# The problem
Print all entries below exactly as they appear.

# Working data
··········
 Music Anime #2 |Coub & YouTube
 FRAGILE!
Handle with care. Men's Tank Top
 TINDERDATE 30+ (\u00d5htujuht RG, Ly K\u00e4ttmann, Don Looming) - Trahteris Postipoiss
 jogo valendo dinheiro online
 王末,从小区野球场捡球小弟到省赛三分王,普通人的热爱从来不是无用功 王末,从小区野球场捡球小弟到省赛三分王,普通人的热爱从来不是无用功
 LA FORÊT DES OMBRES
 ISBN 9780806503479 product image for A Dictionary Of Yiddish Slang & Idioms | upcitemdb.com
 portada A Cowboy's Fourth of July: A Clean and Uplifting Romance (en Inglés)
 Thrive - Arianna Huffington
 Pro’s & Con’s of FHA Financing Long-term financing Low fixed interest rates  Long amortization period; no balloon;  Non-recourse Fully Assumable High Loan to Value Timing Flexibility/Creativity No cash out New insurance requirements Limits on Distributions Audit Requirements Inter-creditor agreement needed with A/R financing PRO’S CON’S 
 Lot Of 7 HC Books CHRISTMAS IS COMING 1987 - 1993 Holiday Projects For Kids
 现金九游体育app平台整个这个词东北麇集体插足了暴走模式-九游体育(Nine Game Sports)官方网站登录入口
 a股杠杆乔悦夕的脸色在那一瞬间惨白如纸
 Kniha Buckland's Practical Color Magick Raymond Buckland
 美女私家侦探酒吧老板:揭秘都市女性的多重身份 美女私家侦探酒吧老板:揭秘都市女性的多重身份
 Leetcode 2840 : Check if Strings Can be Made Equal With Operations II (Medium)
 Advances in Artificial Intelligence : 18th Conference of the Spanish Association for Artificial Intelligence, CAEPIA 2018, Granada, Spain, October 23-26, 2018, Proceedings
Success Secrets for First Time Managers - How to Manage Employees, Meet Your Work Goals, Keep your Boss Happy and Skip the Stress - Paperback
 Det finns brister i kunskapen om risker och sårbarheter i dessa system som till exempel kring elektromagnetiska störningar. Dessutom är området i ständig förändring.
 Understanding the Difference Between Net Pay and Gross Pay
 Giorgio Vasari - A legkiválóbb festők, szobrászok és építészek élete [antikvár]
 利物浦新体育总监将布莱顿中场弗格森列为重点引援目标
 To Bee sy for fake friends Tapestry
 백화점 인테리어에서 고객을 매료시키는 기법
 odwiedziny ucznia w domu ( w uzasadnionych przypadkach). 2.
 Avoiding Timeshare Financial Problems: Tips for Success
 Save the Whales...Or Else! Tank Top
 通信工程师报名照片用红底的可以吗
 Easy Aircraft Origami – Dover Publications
··········
# Task response
 Music Anime #2 |Coub & YouTube
 FRAGILE!
Handle with care. Men's Tank Top
 TINDERDATE 30+ (\u00d5htujuht RG, Ly K\u00e4ttmann, Don Looming) - Trahteris Postipoiss
 jogo valendo dinheiro online
 王末,从小区野球场捡球小弟到省赛三分王,普通人的热爱从来不是无用功 王末,从小区野球场捡球小弟到省赛三分王,普通人的热爱从来不是无用功
 LA FORÊT DES OMBRES
 ISBN 9780806503479 product image for A Dictionary Of Yiddish Slang & Idioms | upcitemdb.com
 portada A Cowboy's Fourth of July: A Clean and Uplifting Romance (en Inglés)
 Thrive - Arianna Huffington
 Pro’s & Con’s of FHA Financing Long-term financing Low fixed interest rates  Long amortization period; no balloon;  Non-recourse Fully Assumable High Loan to Value Timing Flexibility/Creativity No cash out New insurance requirements Limits on Distributions Audit Requirements Inter-creditor agreement needed with A/R financing PRO’S CON’S 
 Lot Of 7 HC Books CHRISTMAS IS COMING 1987 - 1993 Holiday Projects For Kids
 现金九游体育app平台整个这个词东北麇集体插足了暴走模式-九游体育(Nine Game Sports)官方网站登录入口
 a股杠杆乔悦夕的脸色在那一瞬间惨白如纸
 Kniha Buckland's Practical Color Magick Raymond Buckland
 美女私家侦探酒吧老板:揭秘都市女性的多重身份 美女私家侦探酒吧老板:揭秘都市女性的多重身份
 Leetcode 2840 : Check if Strings Can be Made Equal With Operations II (Medium)
 Advances in Artificial Intelligence : 18th Conference of the Spanish Association for Artificial Intelligence, CAEPIA 2018, Granada, Spain, October 23-26, 2018, Proceedings
Success Secrets for First Time Managers - How to Manage Employees, Meet Your Work Goals, Keep your Boss Happy and Skip the Stress - Paperback
 Det finns brister i kunskapen om risker och sårbarheter i dessa system som till exempel kring elektromagnetiska störningar. Dessutom är området i ständig förändring.
 Understanding the Difference Between Net Pay and Gross Pay
 Giorgio Vasari - A legkiválóbb festők, szobrászok és építészek élete [antikvár]
 利物浦新体育总监将布莱顿中场弗格森列为重点引援目标
 To Bee sy for fake friends Tapestry
 백화점 인테리어에서 고객을 매료시키는 기법
 odwiedziny ucznia w domu ( w uzasadnionych przypadkach). 2.
 Avoiding Timeshare Financial Problems: Tips for Success
 Save the Whales...Or Else! Tank Top
 通信工程师报名照片用红底的可以吗
 Easy Aircraft Origami – Dover Publications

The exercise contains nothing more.